## What this task involves
Print every entry again, precisely as written.

## Records for processing
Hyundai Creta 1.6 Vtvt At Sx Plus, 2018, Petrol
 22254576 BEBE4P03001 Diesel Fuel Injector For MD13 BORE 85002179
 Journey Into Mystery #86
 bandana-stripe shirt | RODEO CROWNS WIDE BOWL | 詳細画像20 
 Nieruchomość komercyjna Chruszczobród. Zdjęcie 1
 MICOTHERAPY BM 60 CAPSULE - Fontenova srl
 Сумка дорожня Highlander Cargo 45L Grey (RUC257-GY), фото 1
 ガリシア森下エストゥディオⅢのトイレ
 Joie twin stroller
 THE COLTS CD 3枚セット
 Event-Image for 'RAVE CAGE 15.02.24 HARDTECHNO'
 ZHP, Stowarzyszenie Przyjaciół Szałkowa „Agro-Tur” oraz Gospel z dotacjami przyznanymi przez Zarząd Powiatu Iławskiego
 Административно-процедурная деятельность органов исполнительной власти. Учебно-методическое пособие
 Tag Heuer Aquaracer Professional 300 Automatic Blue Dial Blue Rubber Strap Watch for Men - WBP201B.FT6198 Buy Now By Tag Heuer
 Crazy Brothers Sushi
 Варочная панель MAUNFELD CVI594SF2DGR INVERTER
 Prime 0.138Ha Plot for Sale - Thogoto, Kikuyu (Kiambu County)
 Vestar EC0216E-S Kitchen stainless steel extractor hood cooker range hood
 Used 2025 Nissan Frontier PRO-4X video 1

## Problem solution
Hyundai Creta 1.6 Vtvt At Sx Plus, 2018, Petrol
 22254576 BEBE4P03001 Diesel Fuel Injector For MD13 BORE 85002179
 Journey Into Mystery #86
 bandana-stripe shirt | RODEO CROWNS WIDE BOWL | 詳細画像20 
 Nieruchomość komercyjna Chruszczobród. Zdjęcie 1
 MICOTHERAPY BM 60 CAPSULE - Fontenova srl
 Сумка дорожня Highlander Cargo 45L Grey (RUC257-GY), фото 1
 ガリシア森下エストゥディオⅢのトイレ
 Joie twin stroller
 THE COLTS CD 3枚セット
 Event-Image for 'RAVE CAGE 15.02.24 HARDTECHNO'
 ZHP, Stowarzyszenie Przyjaciół Szałkowa „Agro-Tur” oraz Gospel z dotacjami przyznanymi przez Zarząd Powiatu Iławskiego
 Административно-процедурная деятельность органов исполнительной власти. Учебно-методическое пособие
 Tag Heuer Aquaracer Professional 300 Automatic Blue Dial Blue Rubber Strap Watch for Men - WBP201B.FT6198 Buy Now By Tag Heuer
 Crazy Brothers Sushi
 Варочная панель MAUNFELD CVI594SF2DGR INVERTER
 Prime 0.138Ha Plot for Sale - Thogoto, Kikuyu (Kiambu County)
 Vestar EC0216E-S Kitchen stainless steel extractor hood cooker range hood
 Used 2025 Nissan Frontier PRO-4X video 1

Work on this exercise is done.